Keeping up with all the patent licensing and litigation deals is a full-time occupation (just ask FOSS Patents' Florian Mueller). I occasionally post about intellectual property deals involving Microsoft whenever they seem significant.
At the very end of last week, there were a couple of Microsoft-related IP news nuggets worth noting:
The Nortel patent sell-off deal was finalized on July 29. Microsoft is part of a consortium that purchased for $4.5 billion about 6,000 patents from the bankrupt Nortel (which, at one time, was a Microsoft strategic partner). Comprised of Microsoft, Apple, Ericsson, EMC, Sony and RIM, the consortium beat out Google for the bundle of Nortel telecommunications-focused patents. Apple contributed the lion's share ($2.6 billion) to the consortium's patent pool. Microsoft originally signaled it wasn't going to bid on the Nortel patents, as it had a comprehensive patent cross-licensing deal in place which officials said covered the patents that were on the block. The Wall Street Journal is reporting that while the purchase is final, antitrust scrutiny of the deal is not yet done. There's concern that the consortium members may use the patents to hobble unfairly the Android operating system, according to the Journal.

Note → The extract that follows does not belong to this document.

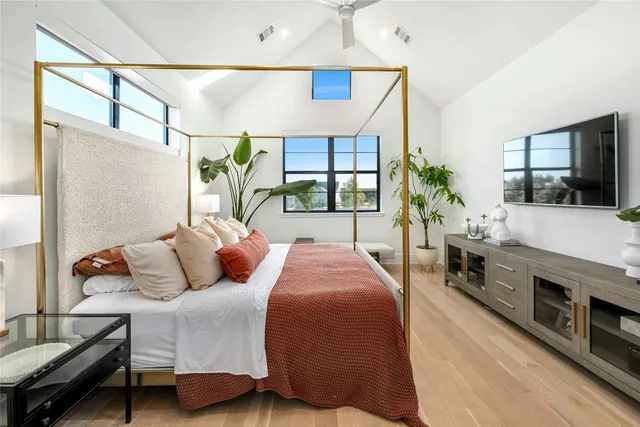 a bedroom with a bed and a closet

Microsoft is going to have to pay Alcatel-Lucent $70 million for a patent infringement claim dating back to 2003. On July 29, a U.S. District Court jury in San Diego issued its final damages ruling on the matter. The patent in question was for touch-screen technology for entering forms information. Before last week's ruling, Microsoft was going to have to pay over $500 million to Alcatel-Lucent (counting interest and additional patent-infringement damages).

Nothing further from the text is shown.